Does the glare of headlights make you anxious about driving at night? Dr. Kevin Houston, a vision rehabilitation specialist at Mass. Eye and Ear, offers tips for staying safe in the dark.
It’s that time of year again. As summer comes to a close, the sun sets earlier and the days become shorter. The decrease in sunlight can also make night driving more difficult — especially if you’re older than 50.
As we age, our vision tends to gradually become worse, which can be more of a problem at night. It often takes longer for the eyes to adjust from bright light to dim light.
Common signs that you may have trouble driving at night include:
- Difficulty with oncoming headlights
- Difficulty seeing lane markings
- Needing to drive slowly
- Difficulty seeing street signs
- Difficulty judging distance and speed
Here are some things you can do to make it easier to navigate at night.
Clean Your Windows and Mirrors
A dirty windshield may not be noticeable during the day, but it can cause glare at night.
Dirt and grime can also build up on your headlights, says Kevin Houston, OD, MSc, an optometrist in the Vision Rehabilitation Service at Mass. Eye and Ear. Check them regularly to make sure they are clean. See your mechanic to upgrade bulbs and polish covers.
Dim Your Dashboard
Bright lights from the dashboard and instrument panel of the car can distract you from the road. And if you’re using GPS navigation, turn on the night mode.
Use the Night Setting on Your Rearview Mirror
Most rearview mirrors have settings to reduce the brightness and glare of headlights behind you. Check your manual for instructions.
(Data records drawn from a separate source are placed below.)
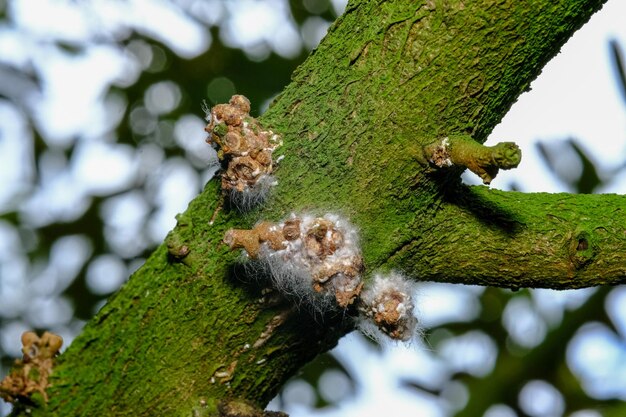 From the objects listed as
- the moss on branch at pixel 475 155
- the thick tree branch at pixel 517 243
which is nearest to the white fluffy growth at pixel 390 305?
the thick tree branch at pixel 517 243

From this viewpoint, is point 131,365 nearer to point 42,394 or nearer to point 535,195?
point 42,394

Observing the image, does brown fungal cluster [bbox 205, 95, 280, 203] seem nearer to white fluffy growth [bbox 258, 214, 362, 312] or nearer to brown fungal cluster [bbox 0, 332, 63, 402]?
white fluffy growth [bbox 258, 214, 362, 312]

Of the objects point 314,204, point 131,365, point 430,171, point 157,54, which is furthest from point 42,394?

Don’t Look at Oncoming Headlights
When oncoming traffic approaches, it’s best to keep your gaze at the right-lane marking or look straight ahead, trying not look directly at the headlights.
“Staring at bright lights can temporarily affect your visibility at night,” Dr. Houston said. “And, as we age, it often becomes increasingly difficult to adjust from bright light to dim light.”
Decrease Your Speed
If you have trouble seeing, reduce your speed and increase your following distance behind the car in front of you.
Skip the Yellow-Tinted Glasses
Glasses that have a tinted yellow hue are often marketed as specialized night-vision glasses that can improve contrast and reduce glare. But beware — there is a lack of evidence that they improve nighttime visibility. In fact, since they reduce the amount of light that enters the eye, they may make it harder to see, not easier.
Instead, Dr. Houston recommends wearing eyeglasses with an anti-reflective coating. This helps to prevent light from bouncing around inside your lenses.
Schedule an Annual Eye Exam
Dr. Houston also stresses the importance of having an annual eye exam. “It’s important that your prescription is up to date. But it’s also critical to screen for potential eye conditions — like cataracts or glaucoma — that could contribute to poor night vision,” he said.
About our Expert
Kevin Houston, OD, MSc, is an optometrist in the Vision Rehabilitation Service at Mass. Eye and Ear. He sees patients at the main campus (243 Charles Street, Boston).
I am interested in any new advice about my eyes. I am glad to know about those yellow glasses. After wearing them one time I got rid of them. i could tell that they were not working.
Use visor at night to prevent bright light exposure to the eyes from various sources, i.e. full moon, street lights, interchange lights, construction flood lights, LED billboards, security lights, sports venue lights, store front or parking lot lights.
Even if your near vision is good, have your distance sight tested and make sure any astigmatism is corrected. These can often be overlooked during daytime driving but really show themselves at night.
Thank you; these are good tips.
When driving at night, I have trouble having enough time adjusting and judging the changes in the road. The lines on the road, the curvature, intersections, etc. all seem to come in the the headlight lit area too fast and I can’t react quickly enough. I can’t see where the road goes. It’s getting scary. 65 years old. Otherwise distance vision is fine. Any thoughts? Thanks.
One way to see better while driving at night is to outlaw low beams with more lumens than a halogen high beam.